Many Americans have tossed their facemasks aside. They're seeing friends and family. They're eating out once again. Life has returned to normal, at least for the most part.

Unfortunately, it's a much different story in other parts of the world. The key difference is the availability of vaccines. In the U.S., 88 COVID-19 vaccine doses have been administered for every 100 people. In India, the number is only 15 doses per 100 people. 

The U.S. government secured major supply deals with leading vaccine makers, notably Moderna (MRNA 3.06%) and Pfizer (PFE 0.11%). These companies made billions of dollars, but the U.S. has seemingly turned the corner in the fight against COVID-19 thanks to their vaccines.

However, things could be about to change. An ominous warning from Moderna could shake up the COVID-19 vaccine market.

Person looking a a computer image of coronavirus with a city street in the background.

Image source: Getty Images.

New COVID-19 waves are coming

Last week, Moderna held its fourth annual Science Day. In this virtual event for investors, the company laid out its research and development plans. But the biotech's top scientists also sounded an alarm reminiscent of Paul Revere's famous call that the British were coming. In this case, though, Moderna's warning was that new COVID-19 waves are coming.

Moderna chief scientific officer Melissa Moore stated, "As the virus spreads, it is rapidly mutating." She added, "Some of these new viral strains appear to be even more transmissible than the original strain."

The good news is that vaccines from Moderna and Pfizer, in particular, have been highly effective so far. The bad news is, in Moore's words, "We already know that some of these new strains are less susceptible to neutralization by our current vaccine."

Moderna's researchers have found lower neutralizing antibody levels against several key coronavirus variants to be of concern, which suggests a risk of reduced duration of protection against infection. Because some of these variants are more transmissible, Moderna thinks that "new epidemic waves are undoubtedly on the way."

Vaccine market implications

What does all of this mean for Americans and for the COVID-19 vaccine market? The bottom line is that booster shots and new vaccines targeting the variants will likely be needed.

Dr. Anthony Fauci, chief medical advisor to President Biden and longtime head of the National Institute of Allergy and Infectious Diseases, thinks that we won't know for sure if booster doses are needed until the fall. Moderna's research appears to indicate that it's not a question of if but when booster shots will be required.

The emergence of potent new variants could alter the dynamics in the COVID-19 vaccine market. Companies that have focused all of their efforts on developing vaccines targeting the original coronavirus strain could be left behind if they don't quickly pivot to developing variant-specific vaccines.

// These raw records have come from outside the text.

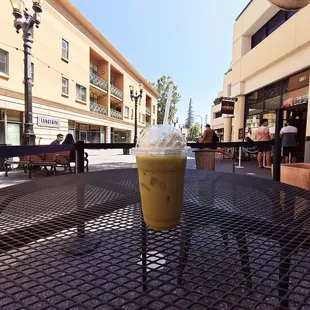 Iced matcha almond milk large and in charge. Plastic cup and metal table and business signage. :^&apos;0. Just kidding. Lol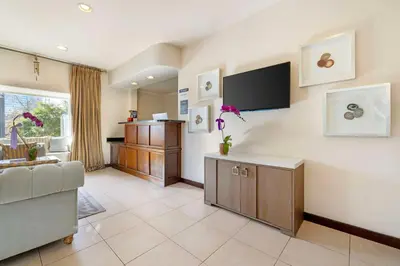 a living room with a couch and a flat screen tv at Best Western Downtown San Diego in San Diego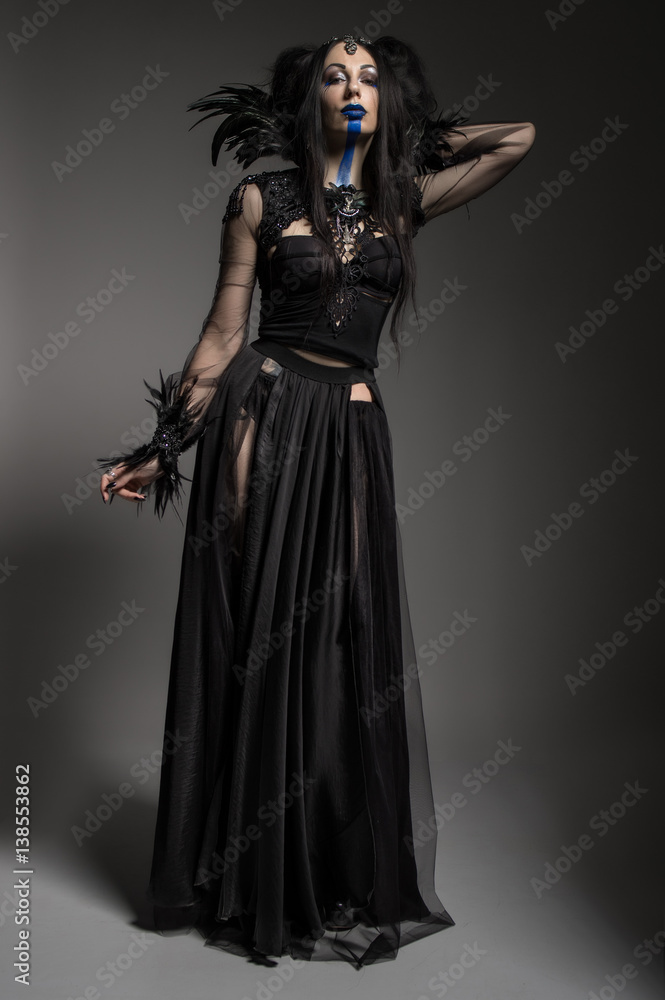 Young woman in black fantasy costume with feathers on dark background Young woman in black fantasy costume with feathers on dark background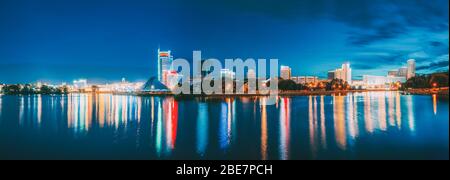 Minsk, Belarus. Panorama With Residential House Near Pobediteley Avenue And Svisloch River. Summer Evening, Night Lights Illumination Reflected in Wat Stock Photo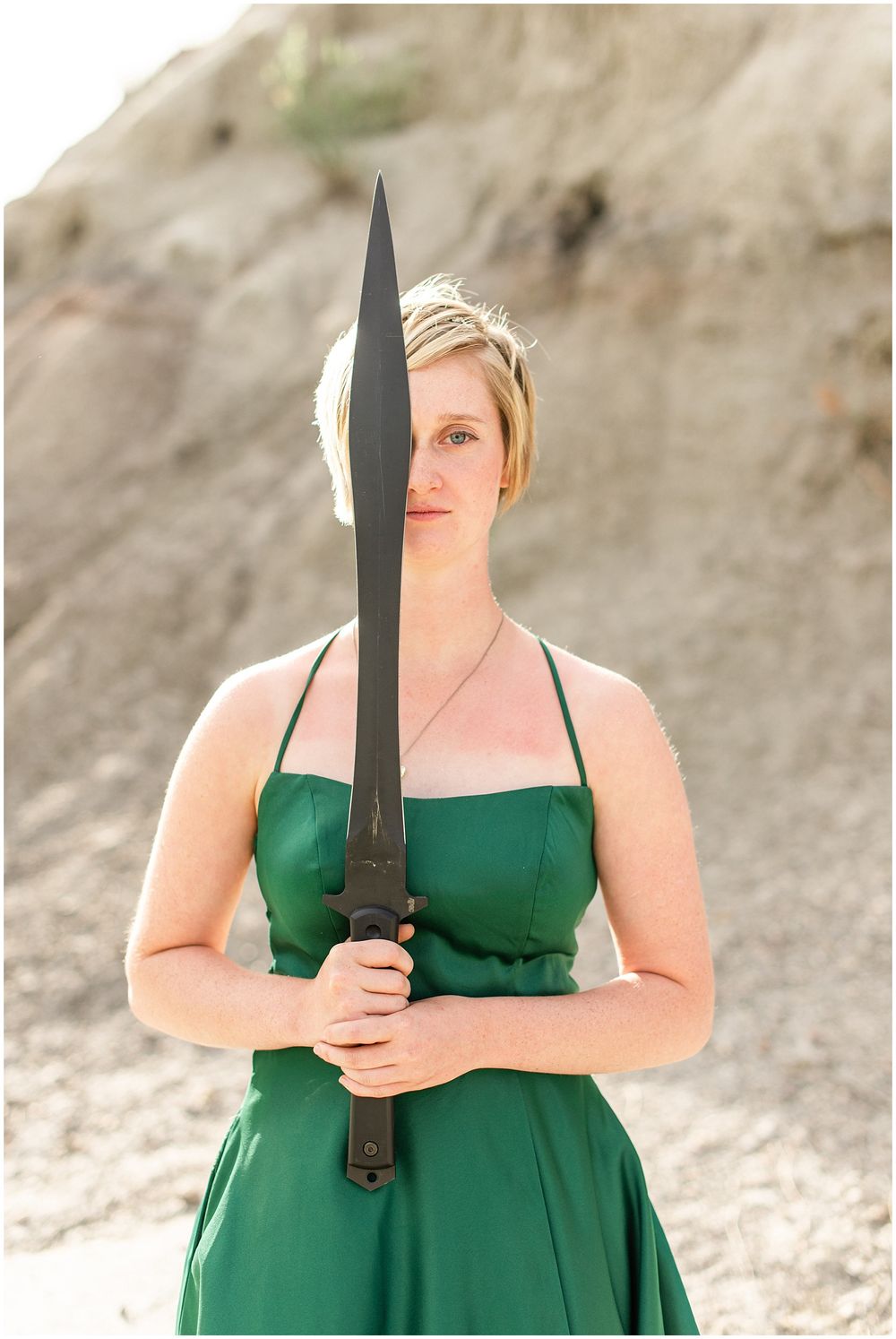 Figure in emerald green dress poses dramatically with sword against rocky backdrop.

There are two primary challenges at play for vaccine makers. First, the rapid coronavirus mutations mean that drugmakers must have a technological approach that lends itself to quickly developing variant-specific vaccine candidates. Second, companies will need the financial resources not only to develop these new vaccines but also to conduct clinical studies.

Most likely to succeed

Smaller biotechs that don't have large cash stockpiles or supply deals already in place for their COVID-19 vaccines could be at a serious disadvantage in the fast-moving market. Larger pharmaceutical companies that have experienced setbacks with their vaccine rollouts could also find it difficult to keep up.

Arguably the most likely to succeed in the variant-focused COVID-19 vaccine market are the drugmakers that have already been the most successful: Moderna and Pfizer (along with its partner BioNTech (BNTX 2.23%)). Why? Perhaps most important, their messenger RNA technology allows these companies to rapidly develop variant-specific vaccines. Moderna and Pfizer are already in testing with their respective variant-specific candidates.

But has the rise of the coronavirus variants already been priced into these stocks? You might think that's the case for Moderna and BioNTech. The biotech stocks have soared nearly 80% and more than 150% year to date, respectively. Pfizer's shares, though, are up only 5% this year.

However, all three of these stocks trade at low forward-earnings multiples. If the coronavirus continues to mutate and force the need for new variant-specific vaccines to keep the pandemic at bay, Moderna, Pfizer, and BioNTech could have plenty of room to run.